### Source data
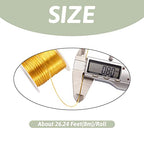 Pandahall 26.3 Feet Tarnish Resistant Copper Wire 20 Gauge Jewelry Beading Craft Wire for Jewelry Making (Golden)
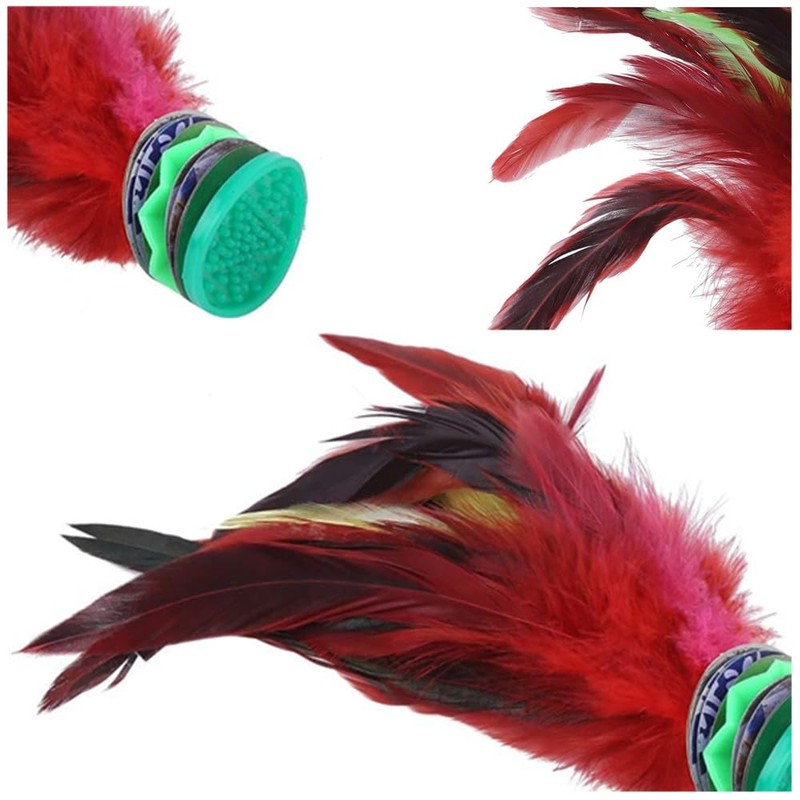 Granmagazz Kick Shuttle Kick Feather Featherfoot Kick Rubber Base Unique
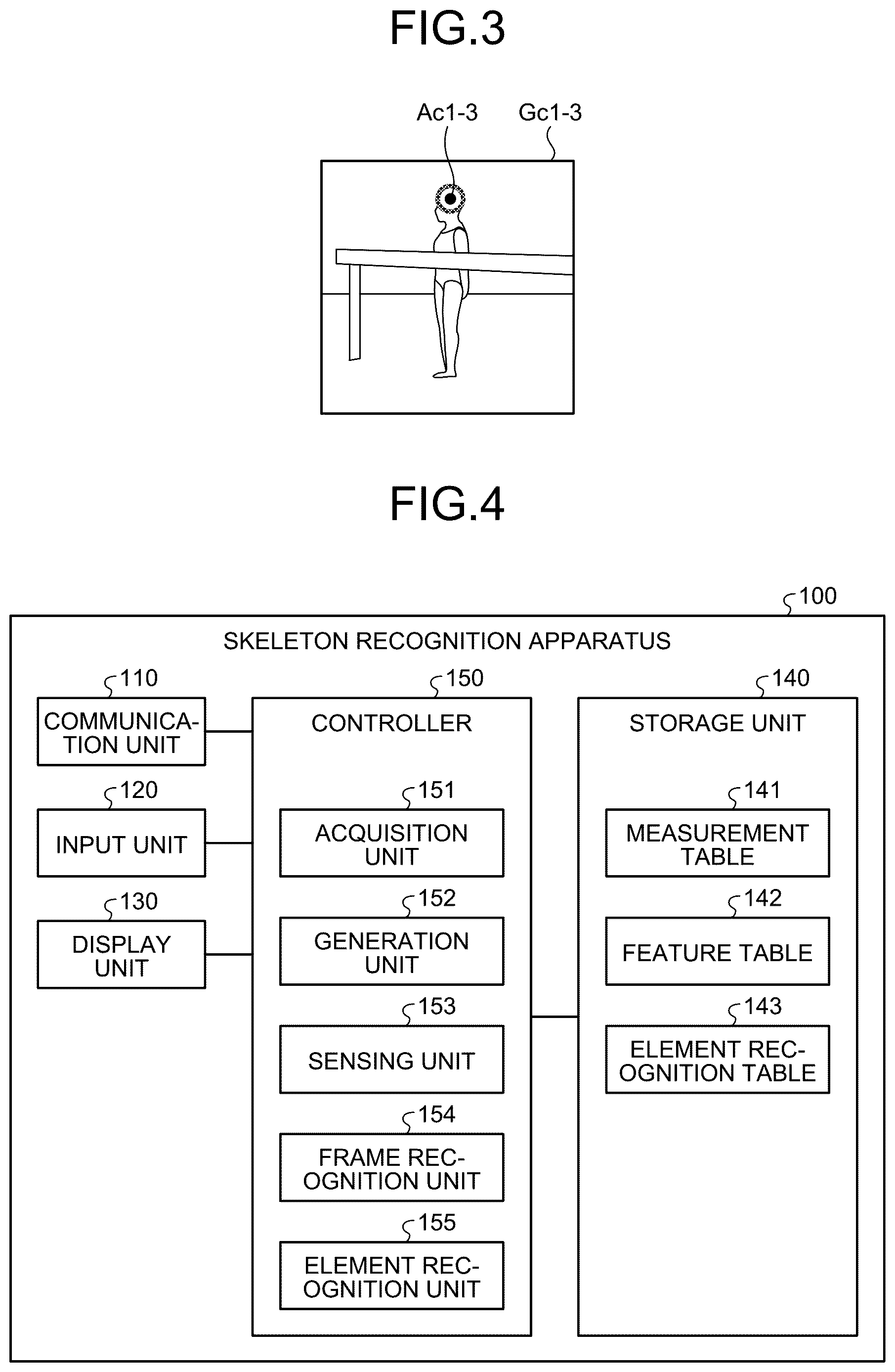 Patent US12620118 Figure 3 – Skeleton recognition method, non-transitory computer-readable recording medium, and gymnastics scoring assist system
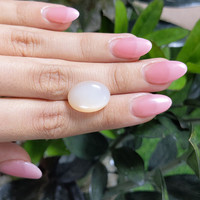 13.58 Ct. Cabochon Moonstone from Ceylon (Sri Lanka) Life Style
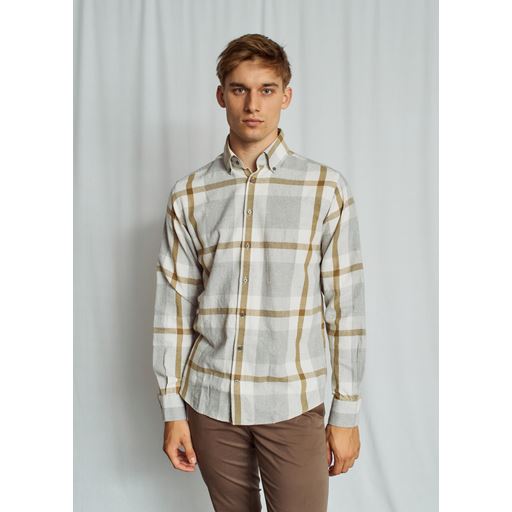 Bruun & Stengade Triton Skjorte, Light Grey, XXL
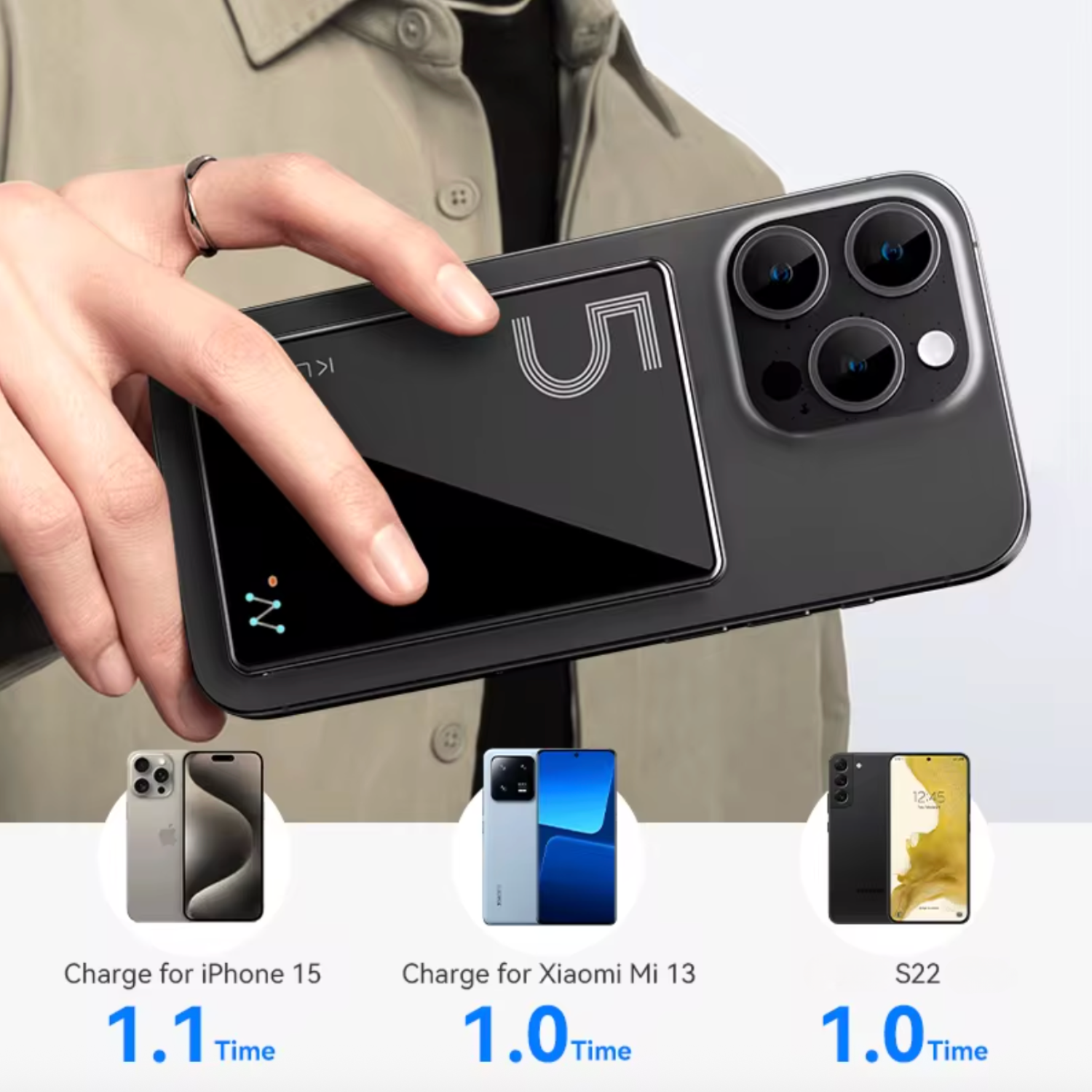 Batería Portátil Premium Con Magsafe 5.000mah MagOn-5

### Your task
None of the pictures should be copied, but every record above must be restated in full.

### Output
 Pandahall 26.3 Feet Tarnish Resistant Copper Wire 20 Gauge Jewelry Beading Craft Wire for Jewelry Making (Golden)
 Granmagazz Kick Shuttle Kick Feather Featherfoot Kick Rubber Base Unique
 Patent US12620118 Figure 3 – Skeleton recognition method, non-transitory computer-readable recording medium, and gymnastics scoring assist system
 13.58 Ct. Cabochon Moonstone from Ceylon (Sri Lanka) Life Style
 Bruun & Stengade Triton Skjorte, Light Grey, XXL
 Batería Portátil Premium Con Magsafe 5.000mah MagOn-5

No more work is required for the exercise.